Teachers in Oakland are back in the classrooms, but tension in the district is still thick.
The seven-day strike that ended Sunday got the union’s 3,000 teachers better pay, but many of them think their union should have fought harder, for more.
The district, meanwhile, has a financial mess on its hands. At a school board meeting Monday, the board slashed $21.75 million from its budget.
Students weren’t happy about that. Some, who showed up at the meeting, made passionate pleas opposing the cuts while others simply shouted at board members.
At the very least, the board was able to hold that meeting — a step forward that some might say was really a step backward.
Last week, teachers shut down two scheduled board meetings by holding demonstrations outside the elementary school, La Escuelita on Second Ave., where the meeting was planned. During the second shutdown, on Friday, the atmosphere outside La Escuelita grew hostile and, some say, violent.
In a video clip shared widely on social media, Jumoke Hinton-Hodge, a school board member for 10 years, is seen in the middle of a mob outside the school with her hand apparently on the throat of a woman who’s been identified as a teacher. Hinton-Hodge didn’t respond to my requests for comment, but in a statement she said that as she tried to enter the school she was pushed to the ground and became “briefly disoriented.” As she got up, she “was inadvertently pushing up against a teacher’s neck.”
Whether you believe her story or not, Hinton-Hodge is an elected official. If you don’t like the job she’s done for a decade, don’t physically push her. Push others to vote against her.
Another board member, Jody London, was already inside the school. She had to stay several hours after the meeting was canceled. She couldn’t leave because protestors had barricaded the entrances, even locking some doors with chains.
“Whatever the circumstances were, it was definitely distressing for everyone involved,” said London, who left the building around 6 p.m. with people jeering at her as she walked with crutches. “It did not feel safe. It felt very hostile.”
Teachers, who made opposition to the budget cuts part of their campaign to win support during the strike, were just holding their ground, they said. In an email sent to members Friday morning, the union, teachers said, requested that they picket the board meeting, writing that the budget cuts “can not be done in our name.”
That’s why Lara Trale, a teacher at Oakland High School, said she and others held the line. The union told them to back off after the tentative deal was struck later that day, but teachers didn’t budge.

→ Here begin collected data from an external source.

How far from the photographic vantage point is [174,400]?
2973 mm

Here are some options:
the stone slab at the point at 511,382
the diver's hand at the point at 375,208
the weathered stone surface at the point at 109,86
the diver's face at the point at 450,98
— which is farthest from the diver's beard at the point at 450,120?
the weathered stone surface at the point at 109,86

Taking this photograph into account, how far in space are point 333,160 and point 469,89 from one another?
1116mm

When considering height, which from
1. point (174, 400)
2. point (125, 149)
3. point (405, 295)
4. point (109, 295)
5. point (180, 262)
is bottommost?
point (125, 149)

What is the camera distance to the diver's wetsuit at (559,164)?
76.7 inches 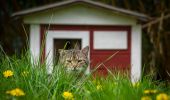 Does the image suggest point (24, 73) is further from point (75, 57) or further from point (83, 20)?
point (83, 20)

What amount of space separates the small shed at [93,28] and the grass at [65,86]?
289 cm

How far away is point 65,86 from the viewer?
3957 millimetres

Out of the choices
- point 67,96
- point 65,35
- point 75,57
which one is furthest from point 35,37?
point 67,96

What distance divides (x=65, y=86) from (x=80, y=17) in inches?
140

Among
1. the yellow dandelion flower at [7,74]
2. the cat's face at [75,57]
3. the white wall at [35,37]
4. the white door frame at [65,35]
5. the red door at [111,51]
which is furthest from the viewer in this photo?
the red door at [111,51]

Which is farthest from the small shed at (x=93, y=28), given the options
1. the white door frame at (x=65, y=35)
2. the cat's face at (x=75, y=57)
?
the cat's face at (x=75, y=57)

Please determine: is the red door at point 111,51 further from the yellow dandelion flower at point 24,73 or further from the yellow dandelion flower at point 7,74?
the yellow dandelion flower at point 7,74

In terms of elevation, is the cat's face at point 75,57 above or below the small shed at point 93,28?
below

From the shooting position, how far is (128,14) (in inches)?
292

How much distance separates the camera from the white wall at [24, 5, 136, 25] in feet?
24.1

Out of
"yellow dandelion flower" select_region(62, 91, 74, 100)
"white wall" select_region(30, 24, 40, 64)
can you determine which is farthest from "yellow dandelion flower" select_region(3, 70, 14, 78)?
"white wall" select_region(30, 24, 40, 64)

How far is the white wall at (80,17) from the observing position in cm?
734

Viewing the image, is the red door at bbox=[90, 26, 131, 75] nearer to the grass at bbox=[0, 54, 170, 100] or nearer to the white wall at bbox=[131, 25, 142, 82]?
the white wall at bbox=[131, 25, 142, 82]

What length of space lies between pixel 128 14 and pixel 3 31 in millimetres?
4959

“It just seemed super messed up that we would allow the board to make these cuts that we had, repeatedly, insisted as a union that we were not OK with,” she said.

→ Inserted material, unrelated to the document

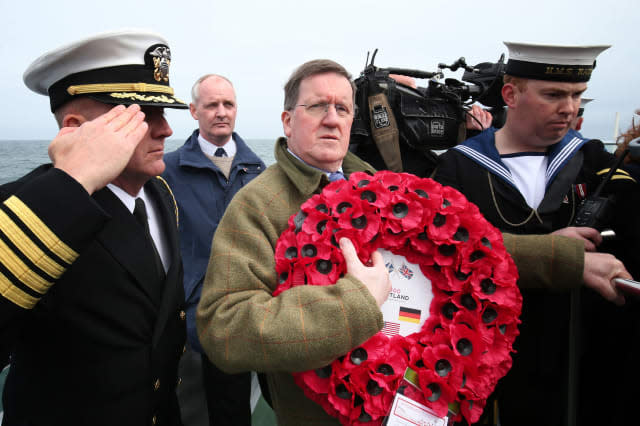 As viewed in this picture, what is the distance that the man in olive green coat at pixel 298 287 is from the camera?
1059 millimetres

Some teachers feel the union didn’t push hard enough at the bargaining table. Shannon Carey, a teacher at MetWest High School, said she voted for the contract because she felt the strike was losing its momentum.
I’d heard teachers were staying home instead of picketing. And some were concerned that teachers might’ve crossed the picket line this week if a deal hadn’t been made.
“For us to end when we were strong and when we were united and when we had the full backing of the community means that we can take that energy and take it to the state,” Carey said. “We can’t squeeze any more money from the stone that is OUSD right now.
“We have to now look for more robust funding sources.”
That’s something everyone can agree on. If the school district is to prosper, it needs more funding from the state. It will take money — and better management of it, of course — to resolve the school district’s problems and make everyone happy.
Oakland Education Association President Keith Brown didn’t want to talk about the unhappy union members when we talked Tuesday morning.
He wanted to look at the bright side.
“The strike is a first step in this fight to improve public education, because for years our students have been disenfranchised,” Brown said.
My colleague Jill Tucker reported that the district faces a $9 million deficit this year, $6 million next year and $15.7 million the following year, according to an independent analysis by the Fiscal Crisis and Management Assistance Team.
So, there’s a lot of healing that needs to be done in a district already hobbled by decades of dysfunction and financial mismanagement.